Those of us in PR know how tough it is to get a mantra adopted widely. So how in the world did the line “Any publicity is good publicity” become well known to apparently every man, woman and child in our society? How is that the one thing that everyone claims to “know” about PR? And, by the way, it’s hogwash.
I actually read it in a news analysis column this morning speculating as to why a college basketball coach lashed out at a reporter last night during a post-game press conference. But the better example from today’s headlines is what is happening in Mobile, Alabama as crowds of media and families wait for a Carnival cruise ship to be towed into port after a harrowing ordeal that has captured the public’s attention all week.
Take a look at stories like this or the thousands of stories now online about what has been happening on board the ship. Is there any argument that can be made that this is, somehow, “good publicity” for Carnival? Or the cruise industry? Of course not.
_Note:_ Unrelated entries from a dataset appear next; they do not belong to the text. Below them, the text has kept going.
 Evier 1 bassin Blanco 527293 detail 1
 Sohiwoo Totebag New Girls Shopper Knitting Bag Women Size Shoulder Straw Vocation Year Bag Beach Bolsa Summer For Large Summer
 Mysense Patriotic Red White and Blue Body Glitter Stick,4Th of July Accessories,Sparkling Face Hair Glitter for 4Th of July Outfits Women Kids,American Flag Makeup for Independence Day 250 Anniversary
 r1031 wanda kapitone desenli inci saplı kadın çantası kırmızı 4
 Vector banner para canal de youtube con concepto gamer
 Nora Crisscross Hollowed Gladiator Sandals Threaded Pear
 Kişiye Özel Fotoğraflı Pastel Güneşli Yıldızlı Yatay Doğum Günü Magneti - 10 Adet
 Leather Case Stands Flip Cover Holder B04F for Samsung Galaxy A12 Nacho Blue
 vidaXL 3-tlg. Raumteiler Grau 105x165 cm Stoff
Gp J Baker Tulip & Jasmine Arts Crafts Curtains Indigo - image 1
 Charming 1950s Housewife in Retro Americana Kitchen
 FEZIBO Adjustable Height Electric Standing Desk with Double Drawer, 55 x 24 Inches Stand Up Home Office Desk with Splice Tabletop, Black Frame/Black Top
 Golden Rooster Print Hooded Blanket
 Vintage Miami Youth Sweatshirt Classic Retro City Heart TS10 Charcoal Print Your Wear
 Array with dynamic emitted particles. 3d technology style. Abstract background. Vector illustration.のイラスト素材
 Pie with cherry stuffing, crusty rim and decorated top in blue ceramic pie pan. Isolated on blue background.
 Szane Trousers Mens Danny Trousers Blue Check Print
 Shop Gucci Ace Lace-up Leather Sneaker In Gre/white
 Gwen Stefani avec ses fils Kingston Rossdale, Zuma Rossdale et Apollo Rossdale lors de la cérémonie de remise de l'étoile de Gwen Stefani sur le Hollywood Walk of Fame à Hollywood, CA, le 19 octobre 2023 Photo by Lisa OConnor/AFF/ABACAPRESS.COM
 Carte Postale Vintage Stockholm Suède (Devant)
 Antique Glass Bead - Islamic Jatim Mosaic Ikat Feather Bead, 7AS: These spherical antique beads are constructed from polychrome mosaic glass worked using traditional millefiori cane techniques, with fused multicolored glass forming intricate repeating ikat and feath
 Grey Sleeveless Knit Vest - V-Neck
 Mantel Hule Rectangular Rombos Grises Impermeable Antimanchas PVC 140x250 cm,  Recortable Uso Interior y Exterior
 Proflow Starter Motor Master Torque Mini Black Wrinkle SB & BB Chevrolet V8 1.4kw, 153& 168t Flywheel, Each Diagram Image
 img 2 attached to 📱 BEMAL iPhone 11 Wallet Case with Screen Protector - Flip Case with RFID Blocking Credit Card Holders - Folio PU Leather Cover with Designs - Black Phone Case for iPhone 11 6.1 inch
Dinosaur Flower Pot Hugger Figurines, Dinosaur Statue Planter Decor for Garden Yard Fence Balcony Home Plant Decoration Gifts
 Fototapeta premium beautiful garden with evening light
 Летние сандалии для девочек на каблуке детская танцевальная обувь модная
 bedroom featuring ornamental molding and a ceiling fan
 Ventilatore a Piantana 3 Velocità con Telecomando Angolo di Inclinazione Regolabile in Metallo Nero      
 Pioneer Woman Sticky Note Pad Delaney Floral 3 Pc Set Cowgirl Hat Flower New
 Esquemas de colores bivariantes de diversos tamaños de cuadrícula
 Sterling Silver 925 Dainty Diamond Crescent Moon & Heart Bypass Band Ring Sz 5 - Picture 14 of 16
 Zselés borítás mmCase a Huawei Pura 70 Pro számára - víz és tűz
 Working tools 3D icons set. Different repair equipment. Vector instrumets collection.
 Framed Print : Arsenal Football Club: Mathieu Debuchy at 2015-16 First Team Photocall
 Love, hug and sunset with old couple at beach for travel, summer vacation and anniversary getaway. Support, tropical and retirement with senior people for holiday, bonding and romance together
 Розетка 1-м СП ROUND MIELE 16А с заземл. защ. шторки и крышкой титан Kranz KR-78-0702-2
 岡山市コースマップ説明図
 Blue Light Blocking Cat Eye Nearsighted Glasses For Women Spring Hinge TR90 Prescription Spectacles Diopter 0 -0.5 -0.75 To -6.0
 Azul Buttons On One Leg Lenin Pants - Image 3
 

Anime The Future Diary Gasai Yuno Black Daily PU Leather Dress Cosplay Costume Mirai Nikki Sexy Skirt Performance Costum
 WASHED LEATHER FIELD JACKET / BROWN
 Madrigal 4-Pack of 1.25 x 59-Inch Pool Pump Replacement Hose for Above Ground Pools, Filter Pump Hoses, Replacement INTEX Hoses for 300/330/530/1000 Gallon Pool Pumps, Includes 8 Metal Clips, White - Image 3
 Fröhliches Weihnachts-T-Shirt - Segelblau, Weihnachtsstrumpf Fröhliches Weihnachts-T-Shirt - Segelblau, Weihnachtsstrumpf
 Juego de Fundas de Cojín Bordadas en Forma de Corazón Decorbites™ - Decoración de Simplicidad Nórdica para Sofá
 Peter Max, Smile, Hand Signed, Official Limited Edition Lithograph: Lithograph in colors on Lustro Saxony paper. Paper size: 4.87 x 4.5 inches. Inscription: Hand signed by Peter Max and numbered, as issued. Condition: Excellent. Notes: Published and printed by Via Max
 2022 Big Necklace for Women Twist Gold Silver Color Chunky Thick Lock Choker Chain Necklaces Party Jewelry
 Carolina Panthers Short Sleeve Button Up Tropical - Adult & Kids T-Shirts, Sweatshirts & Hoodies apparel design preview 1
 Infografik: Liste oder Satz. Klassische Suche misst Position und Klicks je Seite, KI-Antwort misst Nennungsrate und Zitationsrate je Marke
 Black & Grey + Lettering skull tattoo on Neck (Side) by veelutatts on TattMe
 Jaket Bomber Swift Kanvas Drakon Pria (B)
In fact, what type of publicity could possible be worse for Carnival, a company that sells fun for a price, than a very public “vacation from Hell” for thousands of customers? These stories have not only been told via national news, but in many of their hometowns and this will intensify as the passengers reach American soil and cell phone range.
As a rule, the “there’s no such thing as bad publicity” mantra is a nothing more than a myth that is busted virtually every day. An exception could be made, however, for today’s quasi-celebrities whose brushes with the law help them remain famous for being famous. But, even then, it’s hard to argue that a string of bad news could be “good” for those “careers” long-term.
For everyone else, “bad publicity” damages reputations, the invaluable aspect of business and life in our culture. Don’t let a cliche try to tell you otherwise.